Sunday, August 2, 2020

"Trump is now going after a core pillar of our democracy. Will anyone do anything about it before it is too late?"



(CNN) On the same day that three former US presidents joined in a moving tribute to civil rights hero John Lewis and just after the release of government data showing the worst quarterly plunge in economic activity ever recorded, President Donald Trump tried to seize control of the news agenda with a jaw-dropping suggestion: Consider delaying the November election.
The idea, delivered in a tweet Thursday morning, was quickly blasted by commentators -- even members of Trump's own party in Congress. But it did keep his name in the headlines.

"It's insulting to the American public to even suggest that this sacred constitutional right should be undermined by an authoritarian President tanking in the national polls to Joe Biden," wrote historian Douglas Brinkley. "From the earliest days of the republic, regular elections and orderly transfer of power have been signatures of American democracy," he added, noting that even in wartime voting dates have been sacred.

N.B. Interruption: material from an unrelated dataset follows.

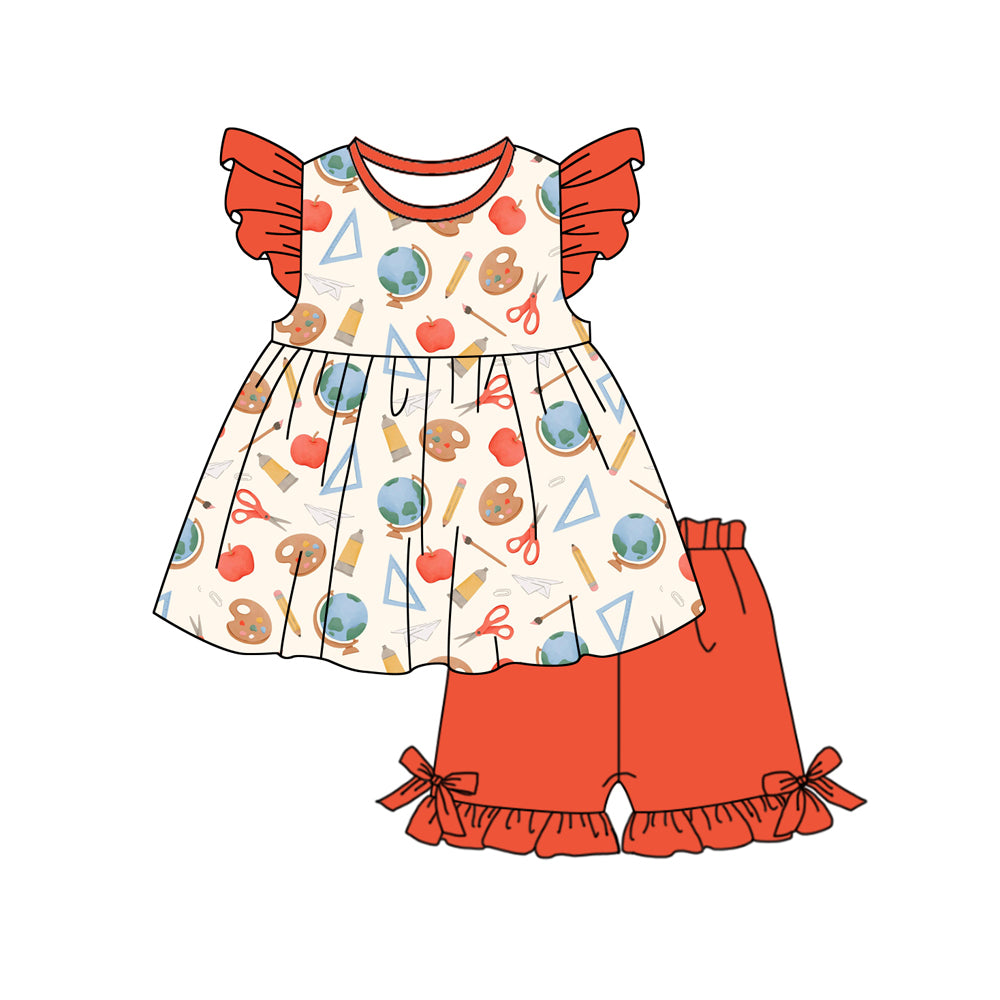Back to school top matching shorts girls summer outfit preorder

But the tweet had a purpose, John Avlon pointed out: to sow doubt in the election results. Trump "is terrified that he will be exposed as a loser," and is "willing to dismantle faith in our democracy to avoid that personal pain."

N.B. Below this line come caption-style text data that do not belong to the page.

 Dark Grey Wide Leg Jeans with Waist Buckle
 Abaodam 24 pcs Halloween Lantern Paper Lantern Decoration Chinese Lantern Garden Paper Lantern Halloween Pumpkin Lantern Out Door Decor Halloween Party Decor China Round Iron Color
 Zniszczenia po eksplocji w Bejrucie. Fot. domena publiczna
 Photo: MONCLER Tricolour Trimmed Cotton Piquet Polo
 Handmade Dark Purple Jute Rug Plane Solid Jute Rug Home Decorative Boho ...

In the New Yorker, Susan Glasser warned, "this is the kind of statement that should haunt your dreams. It is wannabe-dictator talk. It is dangerous even if it is not attached to any actions. And those who think that some actions will not follow have not been paying attention. My alarm stems from having covered Russia when Vladimir Putin was dismantling the fragile, flawed democratic institutions that the country had established after the fall of the Soviet Union."

"The upcoming election is our biggest opportunity to check a runaway President," noted Julian Zelizer. But with his attacks on the legitimacy of the election and on mail-in voting, Zelizer wrote, "Trump is now going after a core pillar of our democracy ... will anyone do anything about it before it is too late?" (CNN).